■ Directions: Each record, exactly as written, should be printed again.

■ Dataset entries:
★ ★ ★ ★ ★ ★ ★

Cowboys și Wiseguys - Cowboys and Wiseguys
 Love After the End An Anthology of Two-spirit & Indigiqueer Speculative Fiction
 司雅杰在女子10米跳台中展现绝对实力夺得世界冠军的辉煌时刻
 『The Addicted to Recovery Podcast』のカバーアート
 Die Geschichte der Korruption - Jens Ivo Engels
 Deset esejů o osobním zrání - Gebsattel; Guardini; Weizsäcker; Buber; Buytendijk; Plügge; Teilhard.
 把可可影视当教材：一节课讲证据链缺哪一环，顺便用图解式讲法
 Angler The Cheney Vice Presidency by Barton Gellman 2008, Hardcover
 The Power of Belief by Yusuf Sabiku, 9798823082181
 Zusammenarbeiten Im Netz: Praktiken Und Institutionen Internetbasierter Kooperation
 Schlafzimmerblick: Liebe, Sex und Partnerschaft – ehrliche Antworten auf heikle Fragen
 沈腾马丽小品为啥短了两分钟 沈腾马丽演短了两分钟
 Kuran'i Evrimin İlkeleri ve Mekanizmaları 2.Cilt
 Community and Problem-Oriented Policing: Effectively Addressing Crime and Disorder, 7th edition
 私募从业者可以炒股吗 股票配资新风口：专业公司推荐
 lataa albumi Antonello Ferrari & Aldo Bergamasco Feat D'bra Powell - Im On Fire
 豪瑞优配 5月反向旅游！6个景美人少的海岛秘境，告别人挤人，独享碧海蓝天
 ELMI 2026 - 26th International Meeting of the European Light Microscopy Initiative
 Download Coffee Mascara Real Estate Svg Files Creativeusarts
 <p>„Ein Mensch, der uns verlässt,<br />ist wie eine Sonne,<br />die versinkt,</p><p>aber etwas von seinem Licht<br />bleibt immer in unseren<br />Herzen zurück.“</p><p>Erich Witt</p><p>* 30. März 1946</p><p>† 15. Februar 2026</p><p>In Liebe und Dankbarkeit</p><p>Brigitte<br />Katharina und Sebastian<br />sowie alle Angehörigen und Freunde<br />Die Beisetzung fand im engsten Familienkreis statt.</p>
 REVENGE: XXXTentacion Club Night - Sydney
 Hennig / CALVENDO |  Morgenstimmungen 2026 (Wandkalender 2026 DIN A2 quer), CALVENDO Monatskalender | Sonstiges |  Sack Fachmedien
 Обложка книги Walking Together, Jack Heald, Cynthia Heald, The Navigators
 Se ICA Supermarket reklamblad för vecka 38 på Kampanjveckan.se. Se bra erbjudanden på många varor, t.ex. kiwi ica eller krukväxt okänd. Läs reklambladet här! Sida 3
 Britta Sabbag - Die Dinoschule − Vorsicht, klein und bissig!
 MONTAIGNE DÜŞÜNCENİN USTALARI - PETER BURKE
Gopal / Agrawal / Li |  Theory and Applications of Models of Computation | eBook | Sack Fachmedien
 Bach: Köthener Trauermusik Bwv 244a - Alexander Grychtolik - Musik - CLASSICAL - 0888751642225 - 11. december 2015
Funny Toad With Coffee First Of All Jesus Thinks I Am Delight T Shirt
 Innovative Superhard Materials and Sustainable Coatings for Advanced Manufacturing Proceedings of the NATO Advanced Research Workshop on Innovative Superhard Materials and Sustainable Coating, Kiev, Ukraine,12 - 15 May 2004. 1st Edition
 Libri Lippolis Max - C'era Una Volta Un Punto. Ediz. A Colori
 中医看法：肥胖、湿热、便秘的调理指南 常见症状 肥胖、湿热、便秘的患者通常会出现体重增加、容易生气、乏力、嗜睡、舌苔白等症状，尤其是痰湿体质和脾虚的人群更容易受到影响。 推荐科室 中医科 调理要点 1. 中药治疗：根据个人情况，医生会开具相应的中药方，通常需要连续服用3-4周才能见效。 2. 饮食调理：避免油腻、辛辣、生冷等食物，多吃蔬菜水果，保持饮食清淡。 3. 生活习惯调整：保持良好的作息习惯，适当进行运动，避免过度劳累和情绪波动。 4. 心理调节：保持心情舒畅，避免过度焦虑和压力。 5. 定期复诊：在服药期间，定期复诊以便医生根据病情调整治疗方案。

★ ★ ★ ★ ★ ★ ★

■ Result of the exercise:
Cowboys și Wiseguys - Cowboys and Wiseguys
 Love After the End An Anthology of Two-spirit & Indigiqueer Speculative Fiction
 司雅杰在女子10米跳台中展现绝对实力夺得世界冠军的辉煌时刻
 『The Addicted to Recovery Podcast』のカバーアート
 Die Geschichte der Korruption - Jens Ivo Engels
 Deset esejů o osobním zrání - Gebsattel; Guardini; Weizsäcker; Buber; Buytendijk; Plügge; Teilhard.
 把可可影视当教材：一节课讲证据链缺哪一环，顺便用图解式讲法
 Angler The Cheney Vice Presidency by Barton Gellman 2008, Hardcover
 The Power of Belief by Yusuf Sabiku, 9798823082181
 Zusammenarbeiten Im Netz: Praktiken Und Institutionen Internetbasierter Kooperation
 Schlafzimmerblick: Liebe, Sex und Partnerschaft – ehrliche Antworten auf heikle Fragen
 沈腾马丽小品为啥短了两分钟 沈腾马丽演短了两分钟
 Kuran'i Evrimin İlkeleri ve Mekanizmaları 2.Cilt
 Community and Problem-Oriented Policing: Effectively Addressing Crime and Disorder, 7th edition
 私募从业者可以炒股吗 股票配资新风口：专业公司推荐
 lataa albumi Antonello Ferrari & Aldo Bergamasco Feat D'bra Powell - Im On Fire
 豪瑞优配 5月反向旅游！6个景美人少的海岛秘境，告别人挤人，独享碧海蓝天
 ELMI 2026 - 26th International Meeting of the European Light Microscopy Initiative
 Download Coffee Mascara Real Estate Svg Files Creativeusarts
 <p>„Ein Mensch, der uns verlässt,<br />ist wie eine Sonne,<br />die versinkt,</p><p>aber etwas von seinem Licht<br />bleibt immer in unseren<br />Herzen zurück.“</p><p>Erich Witt</p><p>* 30. März 1946</p><p>† 15. Februar 2026</p><p>In Liebe und Dankbarkeit</p><p>Brigitte<br />Katharina und Sebastian<br />sowie alle Angehörigen und Freunde<br />Die Beisetzung fand im engsten Familienkreis statt.</p>
 REVENGE: XXXTentacion Club Night - Sydney
 Hennig / CALVENDO |  Morgenstimmungen 2026 (Wandkalender 2026 DIN A2 quer), CALVENDO Monatskalender | Sonstiges |  Sack Fachmedien
 Обложка книги Walking Together, Jack Heald, Cynthia Heald, The Navigators
 Se ICA Supermarket reklamblad för vecka 38 på Kampanjveckan.se. Se bra erbjudanden på många varor, t.ex. kiwi ica eller krukväxt okänd. Läs reklambladet här! Sida 3
 Britta Sabbag - Die Dinoschule − Vorsicht, klein und bissig!
 MONTAIGNE DÜŞÜNCENİN USTALARI - PETER BURKE
Gopal / Agrawal / Li |  Theory and Applications of Models of Computation | eBook | Sack Fachmedien
 Bach: Köthener Trauermusik Bwv 244a - Alexander Grychtolik - Musik - CLASSICAL - 0888751642225 - 11. december 2015
Funny Toad With Coffee First Of All Jesus Thinks I Am Delight T Shirt
 Innovative Superhard Materials and Sustainable Coatings for Advanced Manufacturing Proceedings of the NATO Advanced Research Workshop on Innovative Superhard Materials and Sustainable Coating, Kiev, Ukraine,12 - 15 May 2004. 1st Edition
 Libri Lippolis Max - C'era Una Volta Un Punto. Ediz. A Colori
 中医看法：肥胖、湿热、便秘的调理指南 常见症状 肥胖、湿热、便秘的患者通常会出现体重增加、容易生气、乏力、嗜睡、舌苔白等症状，尤其是痰湿体质和脾虚的人群更容易受到影响。 推荐科室 中医科 调理要点 1. 中药治疗：根据个人情况，医生会开具相应的中药方，通常需要连续服用3-4周才能见效。 2. 饮食调理：避免油腻、辛辣、生冷等食物，多吃蔬菜水果，保持饮食清淡。 3. 生活习惯调整：保持良好的作息习惯，适当进行运动，避免过度劳累和情绪波动。 4. 心理调节：保持心情舒畅，避免过度焦虑和压力。 5. 定期复诊：在服药期间，定期复诊以便医生根据病情调整治疗方案。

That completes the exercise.